A part la lutte contre les pratiques anticoncurrentielles et les concentrations, la réforme va instaurer le plaidoyer. Celui-ci pourrait servir, le cas échéant, «d’action de perte de considération» pour le gouvernement. Cette procédure ouvre la voie à l’autorité de concurrence pour se prononcer sur les subventions ou les aides accordées à tel ou tel secteur, les marchés publics, les licences… Le plaidoyer n’inclut pas des sanctions contre l’Etat: un gouvernement reste l’unique responsable de sa politique économique. L’Etat peut ne pas être d’accord avec le Conseil. Mais à condition de justifier sa décision et de la publier au Bulletin officiel. Cette mesure est d’inspiration allemande.
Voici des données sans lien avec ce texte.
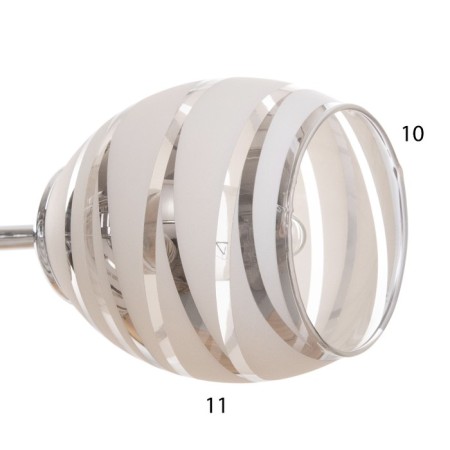 Causte "Venda" 8x40W E27 Chrome Model: 2800089-5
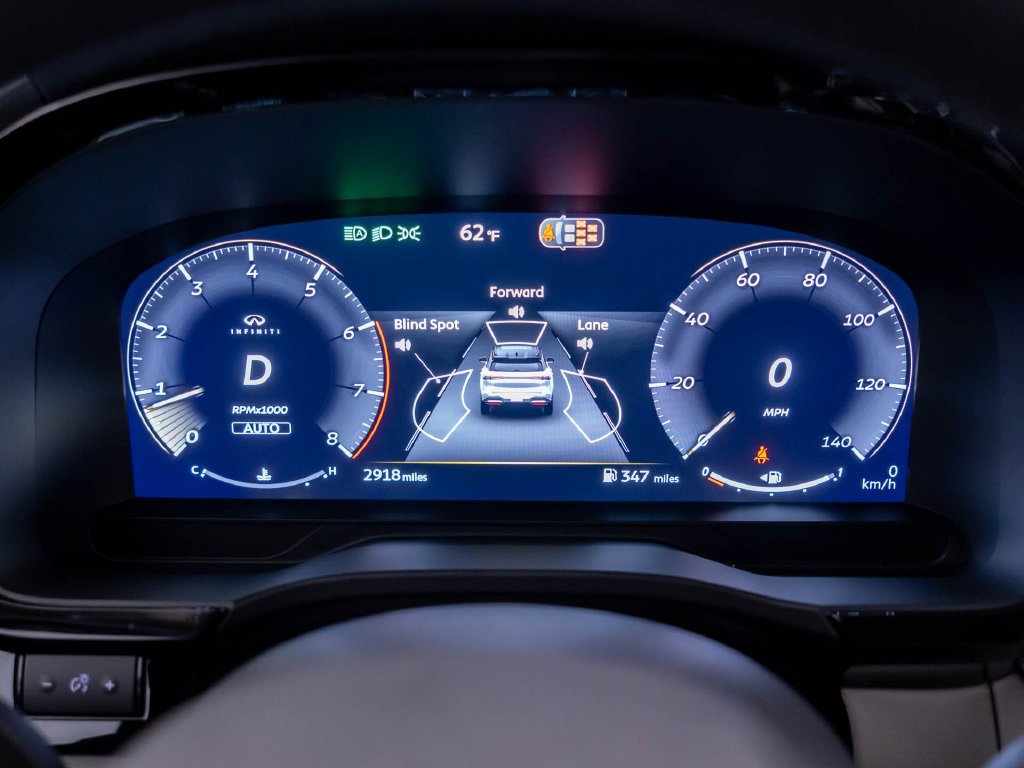 Used 2026 INFINITI QX60 Luxe AWD/4WD image 12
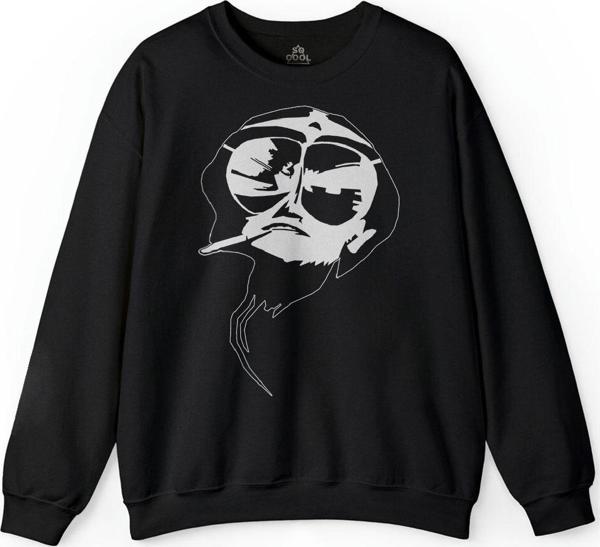 Fear And Loathing İn Las Vegas Johnny Depp Baskılı Sweatshirt - Image 1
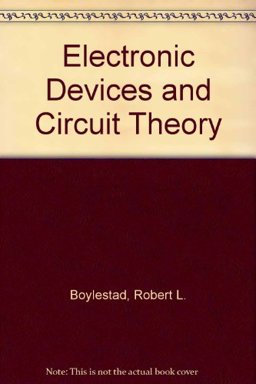 Electronic Devices and Circuit Theory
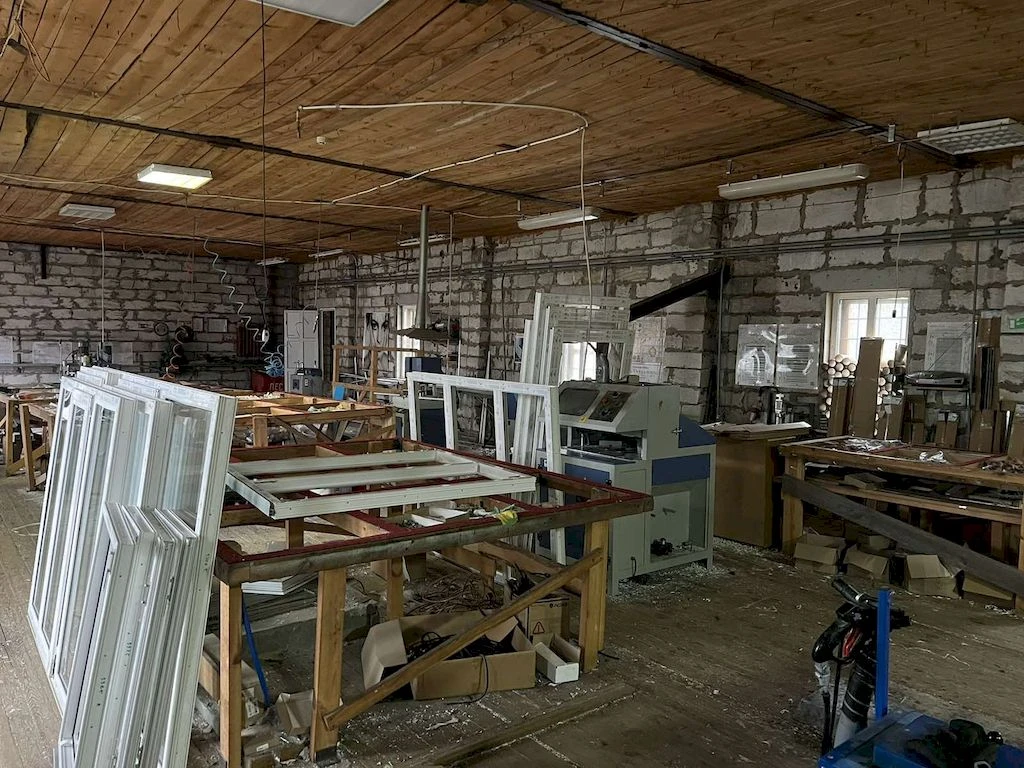 Производственная база в Мозыре
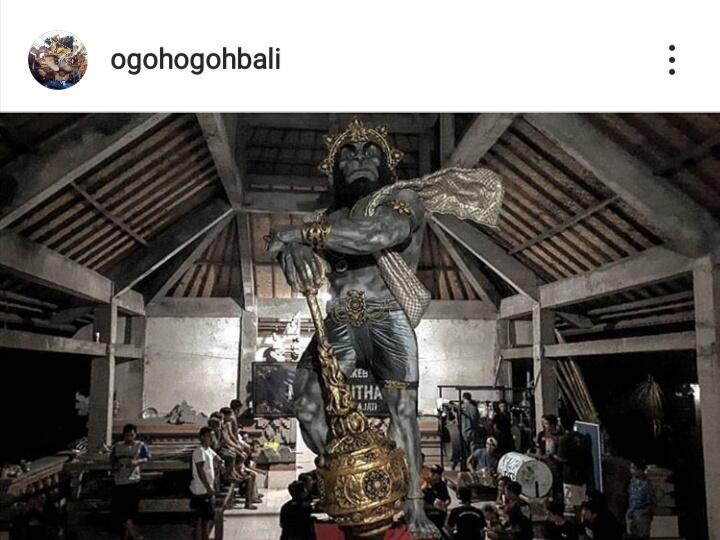 &#91;Coc Req.Bali&#93;Yuk Berkenalan Dengan Ogoh-ogoh Dari Bali, Yang Sangat Spektakuler Ini 
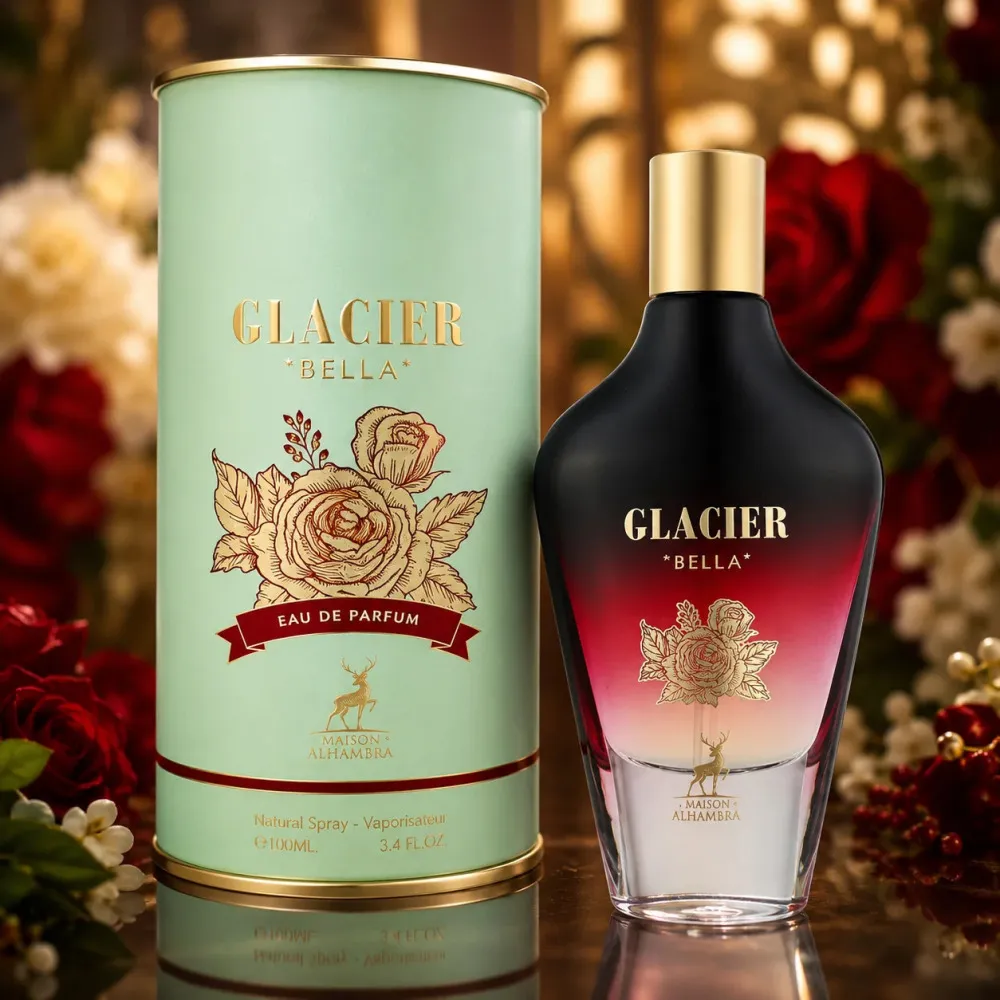Glacier Bella woda perfumowana unisex 100 ml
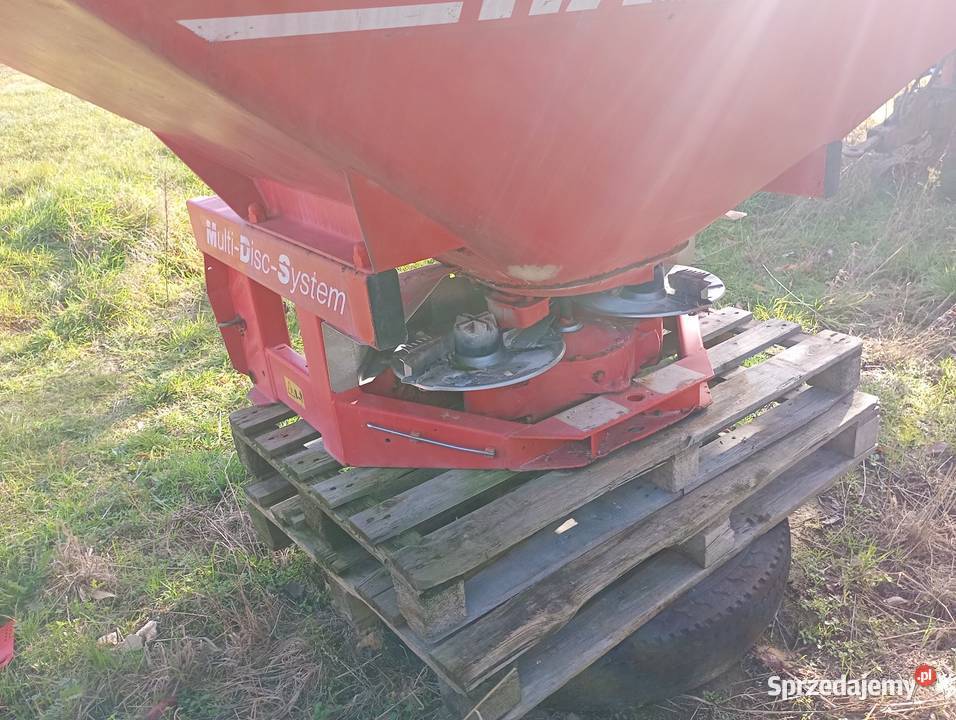 Rozsiewacz Rauch MDS 901 Maszyny rolnicze Wieluń sprzedam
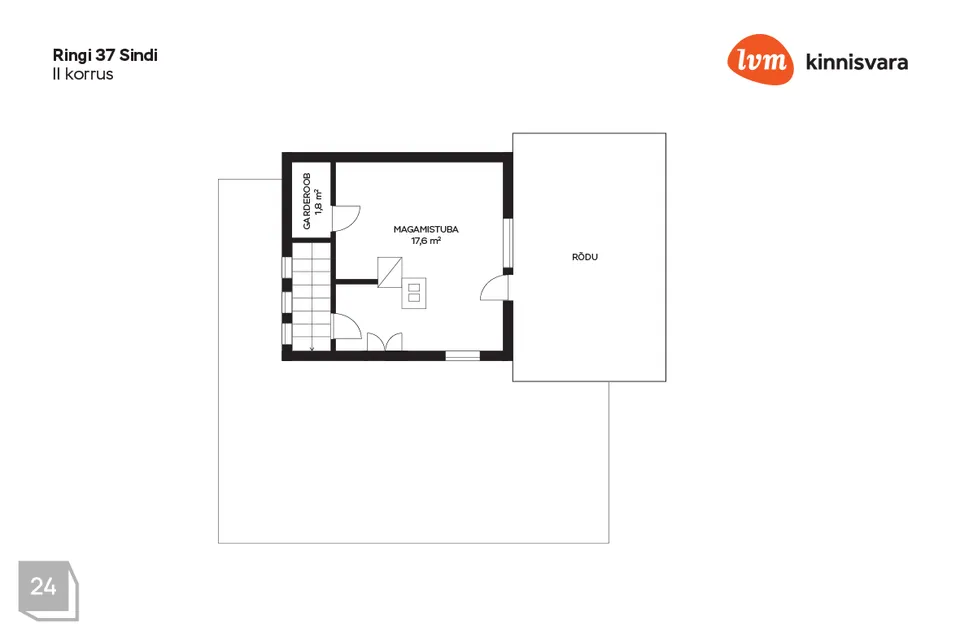 4-toaline Maja  -  Tori vald, Sindi linn - foto 4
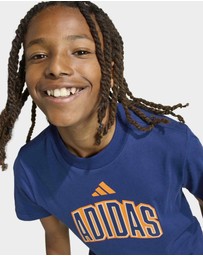 adidas Sportswear - Stadium Lettering T-Shirt - Kids-Teens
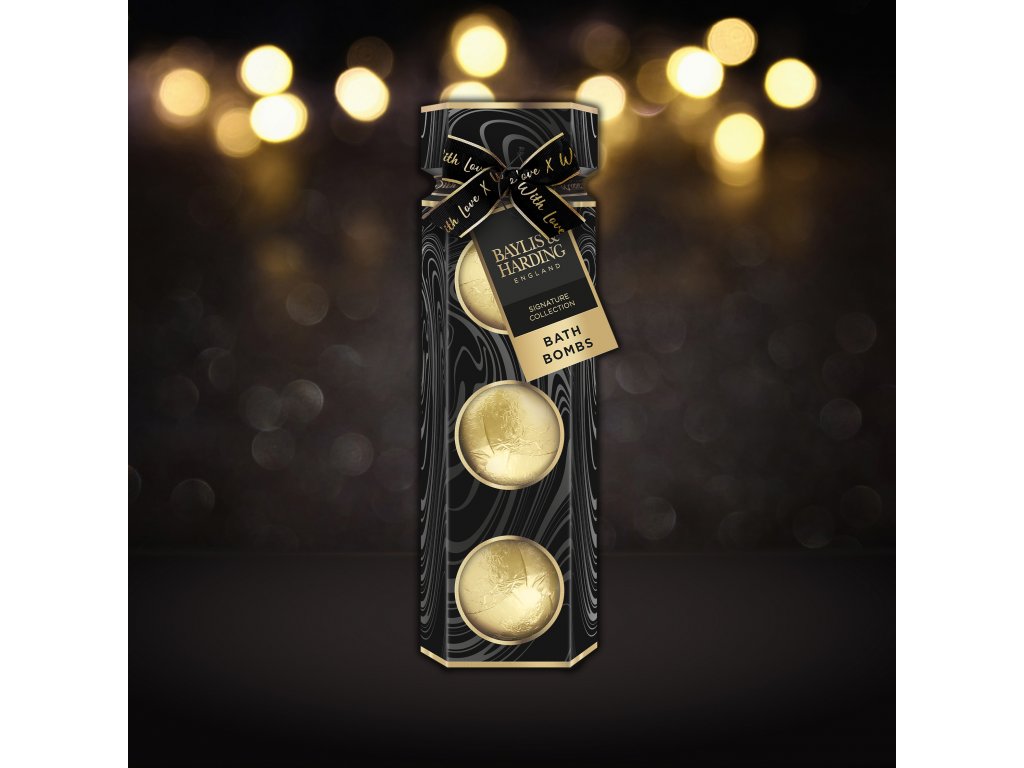 Baylis & Harding Sada šumivých koulí - Sweet mandarin & Grapefruit - Mandarinka a grep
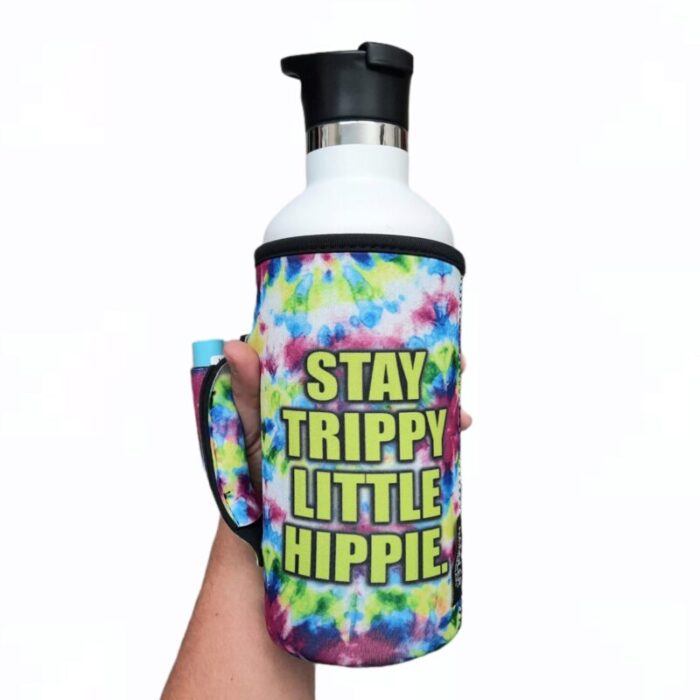 stay trippy little hippie 30oz tumbler handlerdrink handlers 613203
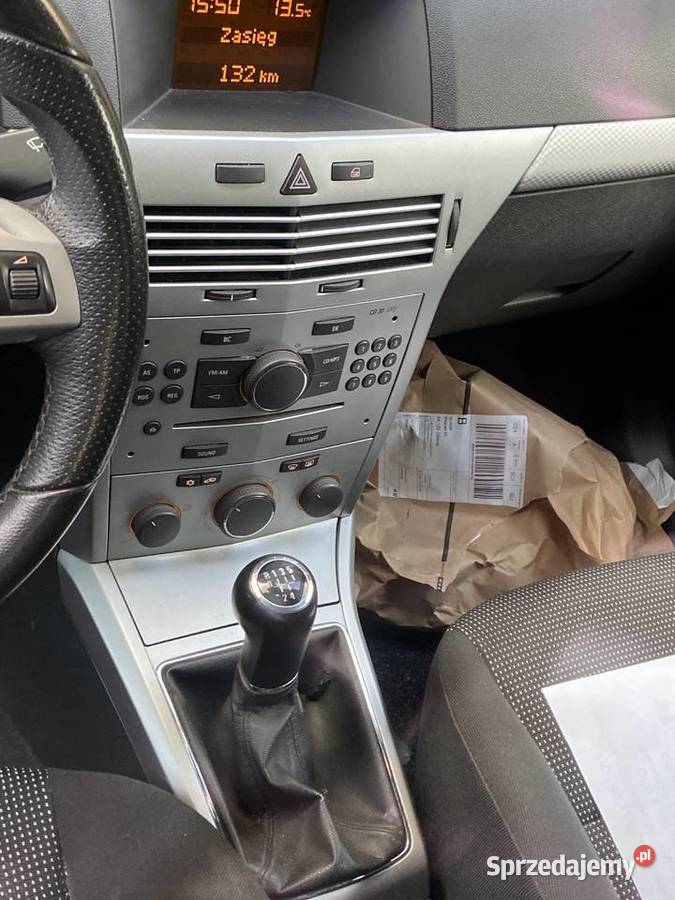 Sprzedam Opla astrę h immobilizer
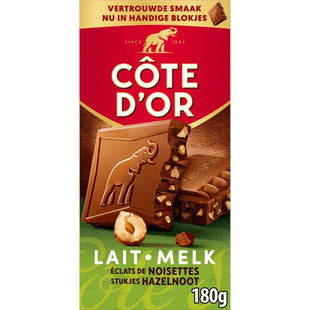 Côte d'Or L'original Milch-Haselnussriegel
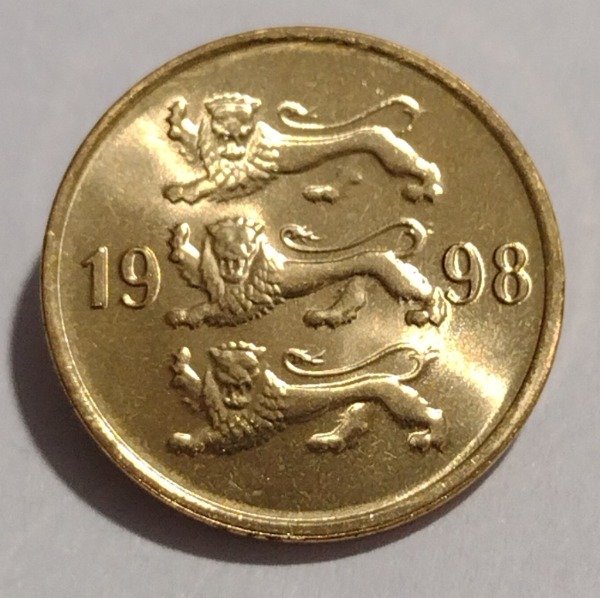 Producto - Estonia 10 senti 1998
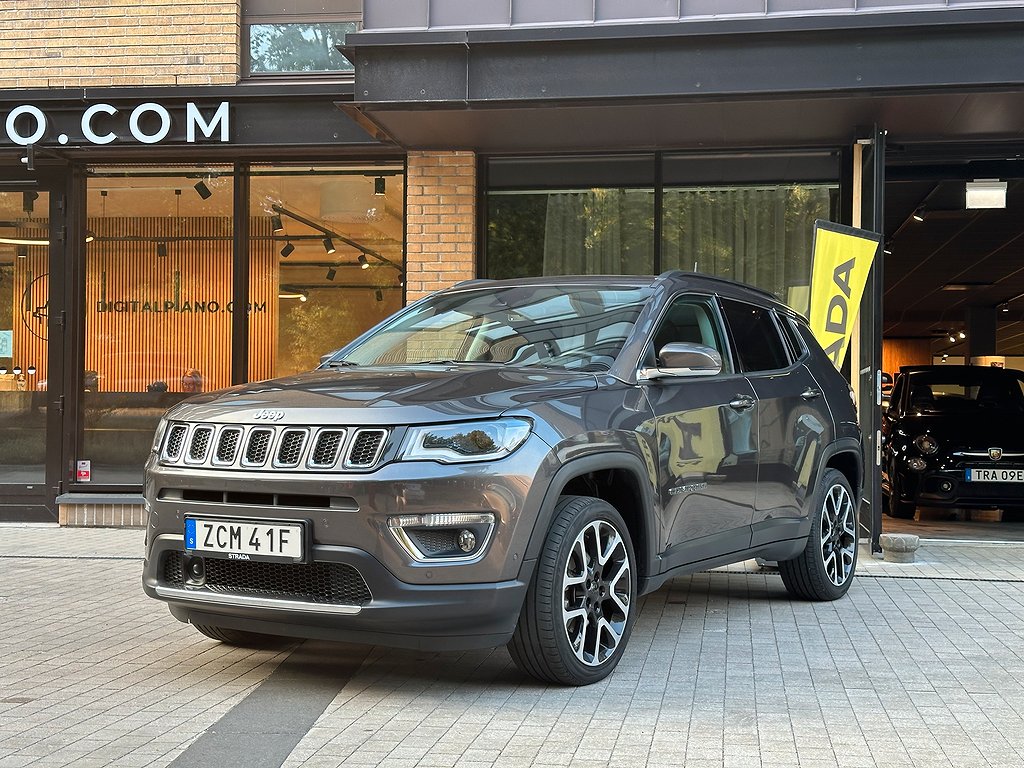 Jeep Compass 2.0 VVT 4WD Euro 6 PANO Backkamera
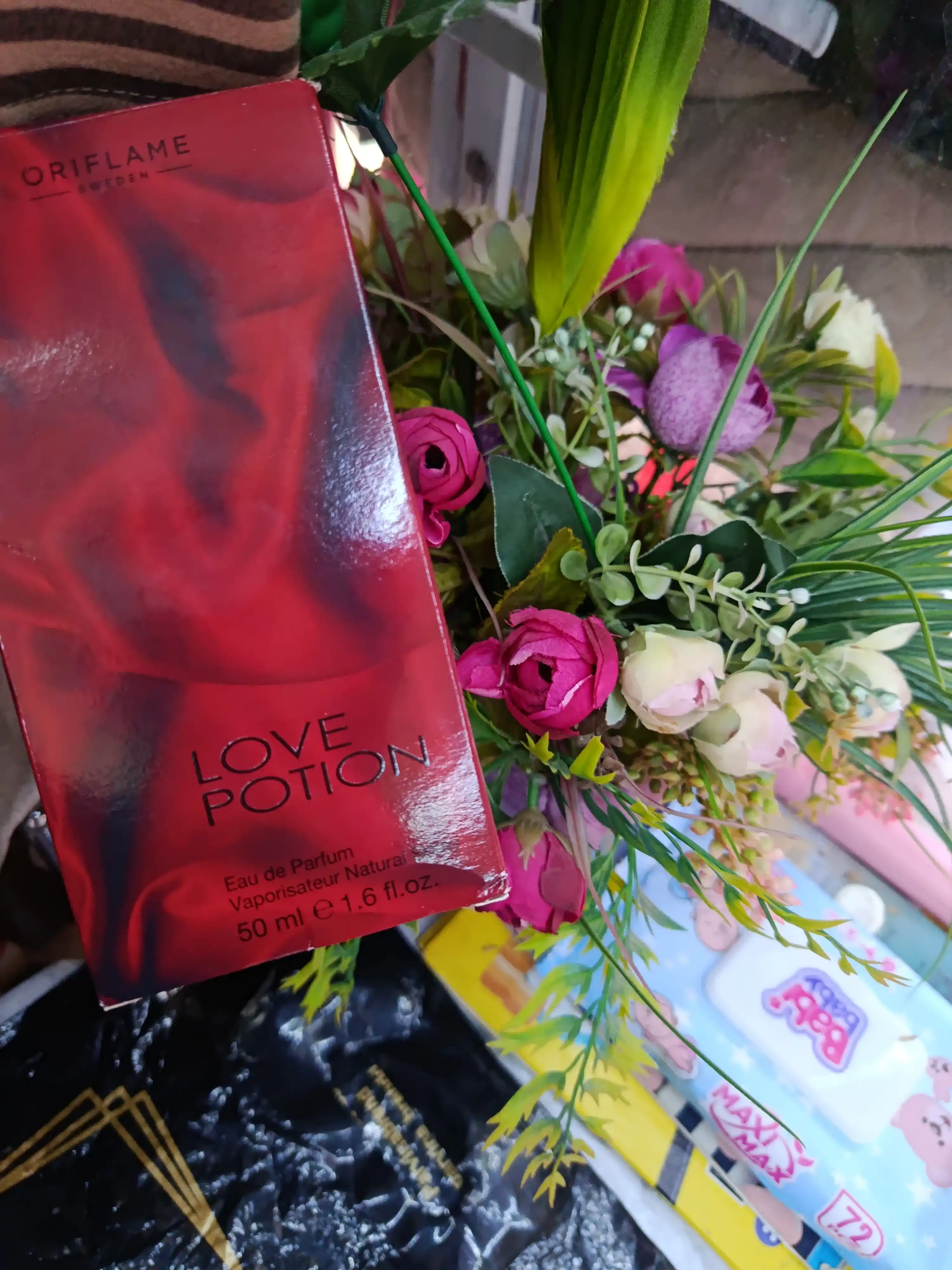Love Potion parfyumlangan suv, 50 ml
Le recours à cette action aux origines anglo-saxonnes n’exclut pas en revanche un recours aux médias. Ce qui risque d’entraîner auprès de l’opinion publique une «perte de considération» du gouvernement. Et il y a de quoi, si l’on se limite à citer l’exonération fiscale sur les profits immobiliers. Exonération qualifiée par Karim Tazi, ex-président de l’Association marocaine du textile et de l’habillement et PDG de Richbond, comme «une indulgence fiscale coupable». Une «rente indue moralement même si la loi de Finances l’a accordée» aux promoteurs de l’habitat social. Et qui se sont lâchement débobinés lorsque le gouvernement El Fassi a voulu mettre fin à l’exonération. Ce privilège fiscal a participé à «la création artificielle de la rareté». L’homme d’affaires fait ici allusion à la pénurie du foncier industriel.
Transparency Maroc critique plutôt la réglementation de change. Son secrétaire général, Rachid Filali-Meknassi, n’en revient pas lorsqu’il constate que cette réglementation «est régie uniquement par des circulaires et qui ne sont même pas publiées au Bulletin officiel». Qui dit réglementation, dit dérogation… Et qui, sur le plan procédural, n’est pas discutée au Parlement. Cette «opacité» de la réglementation des changes dérange, scandalise… Car, justement, elle n’est pas à l’abri d’un détournement en vue de consacrer des rentes, de museler les concurrents…
C’est pour garantir la prévisibilité du droit qu’il faut avoir une forte autorité de la concurrence, une justice indépendante.

Opportunisme politique?
Après Marrakech en 2009 et Fès en 2010, les prochaines assises de la concurrence vont se tenir dans la ville du Détroit du 14 au 17 décembre. Le thème -quoique son titre soit pompeux- porte sur «la concurrence et la régulation anti-rente» en tant que «fondements de la méritocratie et de la compétitivité dans les pays émergents». Un large programme, dont la 3e session est consacrée à une régulation qui fait «face à des comportements entrepreneuriaux déviants». Benamour et son Conseil ne veulent pas passer pour des opportunistes: le choix de la thématique «s’est fait bien avant» la manifestation du 20 février dernier. Pour la constitutionnalisation, l’instance n’a pas non plus surfé sur la mouvance qui s’en est suivie. Cette proposition ne figurait tout simplement pas dans le projet de réforme initial.